Section "ServerFlags"

# Uncomment this to cause a core dump at the spot where a signal is 

# received.  This may leave the console in an unusable state, but may

# provide a better stack trace in the core dump to aid in debugging

#    Option "NoTrapSignals"

# Uncomment this to disable the <Crtl><Alt><Fn> VT switch sequence

# (where n is 1 through 12).  This allows clients to receive these key

# events.

#    Option "DontVTSwitch"

# Uncomment this to disable the <Crtl><Alt><BS> server abort sequence

# This allows clients to receive this key event.

#    Option "DontZap"

# Uncomment this to disable the <Crtl><Alt><KP_+>/<KP_-> mode switching

# sequences.  This allows clients to receive these key events.

#    Option "Dont Zoom"

# Uncomment this to disable tuning with the xvidtune client. With

# it the client can still run and fetch card and monitor attributes,

# but it will not be allowed to change them.

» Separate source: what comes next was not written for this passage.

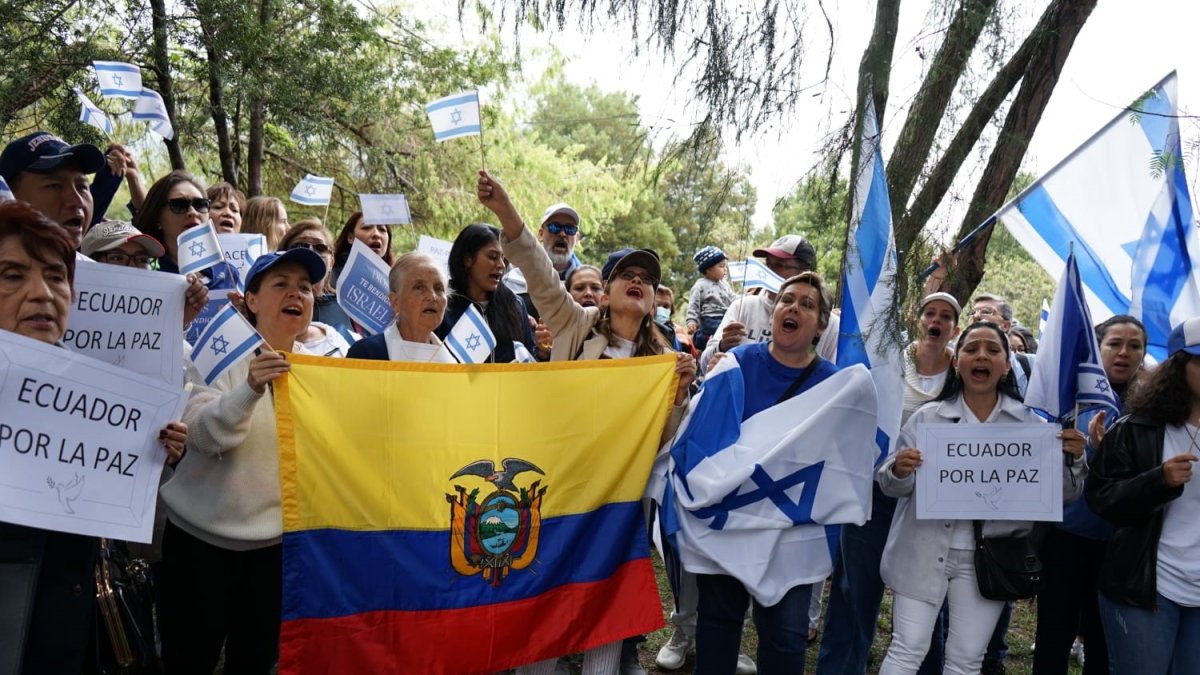 Respaldo. Decenas de personas marcharon para pedir que vuelva la paz a Israel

If it tries it will

# receive a protocol error.

#    Option "DisableVidModeExtension"

# Uncomment this to enable the use of a non-local xvidtune client. 

#    Option "AllowNonLocalXvidtune"

# Uncomment this to disable dynamically modifying the input device

# (mouse and keyboard) settings. 

#    Option "DisableModInDev"

# Uncomment this to enable the use of a non-local client to

# change the keyboard or mouse settings (currently only xset).

#    Option "AllowNonLocalModInDev"

EndSection

# **********************************************************************

# Input devices

# **********************************************************************

# **********************************************************************

# Core keyboard's InputDevice section

# **********************************************************************

Section "InputDevice"

    Identifier   "Keyboard1"

    Driver   "Keyboard"

# For most OSs the protocol can be omitted (it defaults to "Standard").

# When using XQUEUE (only for SVR3 and SVR4, but not Solaris),

# uncomment the following line.

#    Option     "Protocol"      "Xqueue"

    Option "AutoRepeat" "500 30"

# Specify which keyboard LEDs can be user-controlled (eg, with xset(1))

#    Option   "Xleds"      "1 2 3"

#    Option "LeftAlt"     "Meta"

#    Option "RightAlt"    "ModeShift"

# To customise the XKB settings to suit your keyboard, modify the

# lines below (which are the defaults).  For example, for a non-U.S.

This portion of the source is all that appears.